Train service in the United States

The Merchants Limited, sometimes shortened to Merchants, was a New York, New Haven and Hartford (the "New Haven") passenger train on the Shore Line between Boston and New York City. It was the New Haven's premier passenger train and the last all-parlor car train in the United States. The train entered service in 1903, and survived the turbulent Penn Central merger to become one of Amtrak's Boston–Washington, D.C. services. The name disappeared from Amtrak's timetables in 1995 when most Northeast trains were rebranded "NortheastDirect".

== History ==
The New Haven introduced the Merchants Limited on December 14, 1903. The train offered first class parlor car seating only; amenities included a dining car and private rooms. The trains departed New York and Boston at 5 PM and made the trip between the two cities in five hours. This schedule would be reduced to 4 1/2 hours in 1935, 4 1/4 hours in 1940, and finally 4 hours flat in 1949. This proved unsustainable as conditions deteriorated on the New Haven and would be raised to 4 1/4 hours in 1956.

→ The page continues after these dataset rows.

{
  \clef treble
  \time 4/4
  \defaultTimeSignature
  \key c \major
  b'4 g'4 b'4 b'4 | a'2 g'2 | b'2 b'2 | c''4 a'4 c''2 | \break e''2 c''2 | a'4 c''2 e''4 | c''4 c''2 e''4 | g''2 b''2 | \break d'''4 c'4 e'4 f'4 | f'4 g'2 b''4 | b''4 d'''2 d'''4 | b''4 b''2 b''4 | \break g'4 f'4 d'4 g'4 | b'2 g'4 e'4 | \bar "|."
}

The New Haven considered the Merchants Limited its premier train and it always ran with the best equipment possible. When it received coaches in May 1949 it was the last all-parlor car train running in the United States. A second section, the Advance Merchants Limited, operated fifteen minutes ahead of the Merchants Limited at various times in the 1950s.

The New Haven was merged on January 1, 1969, into the Penn Central, formed the previous year by the New York Central Railroad and Pennsylvania Railroad. The Penn Central went bankrupt in 1970 and divested itself of its passenger trains in 1971. Amtrak, the new national operator, retained the Merchants Limited, although it would soon be extended through to Washington, D.C. Amtrak dropped individual names from its Northeast Corridor trains, save the Metroliners, on October 28, 1995. The Merchants Limited had long lost its individual character, although it continued to offer first class service.